## Goal of the exercise
Transcribe all the lines below exactly. Omit the pictures.

## Material provided
Content starts

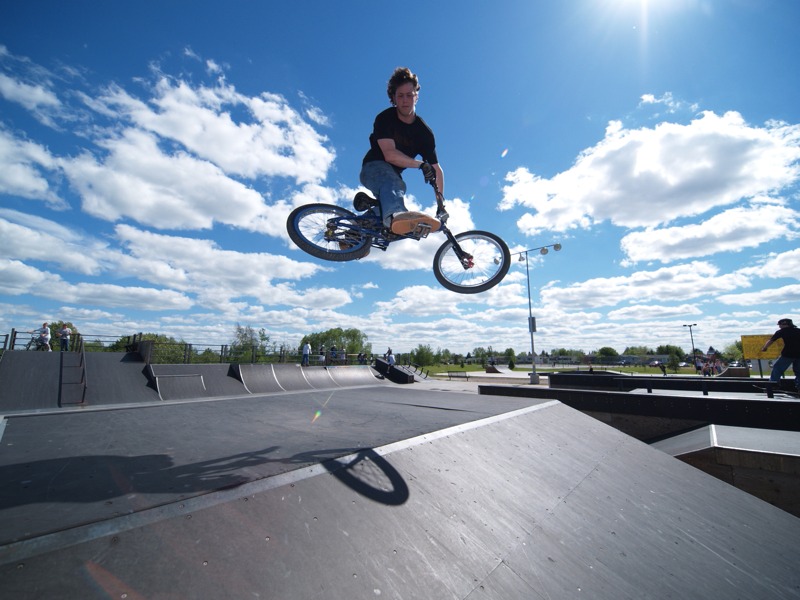 20050612_SuperiorSkate_372.jpgw800h600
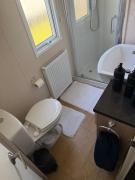 Top Little Clacton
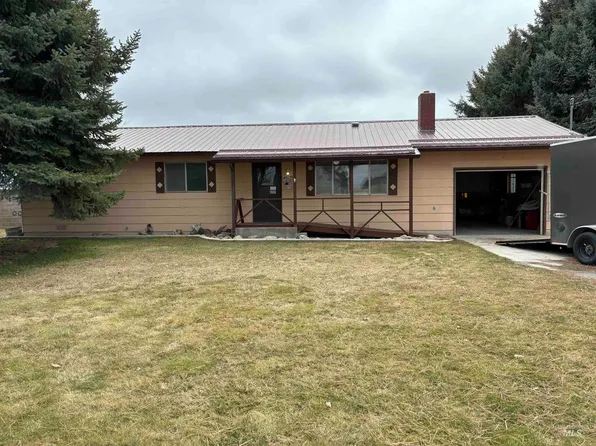 105 E 700 N, Rupert, ID 83350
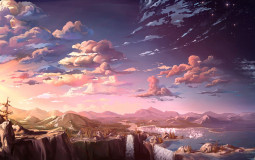 2022 Anime Tier List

Content ends

## Solution
 20050612_SuperiorSkate_372.jpgw800h600
 Top Little Clacton
 105 E 700 N, Rupert, ID 83350
 2022 Anime Tier List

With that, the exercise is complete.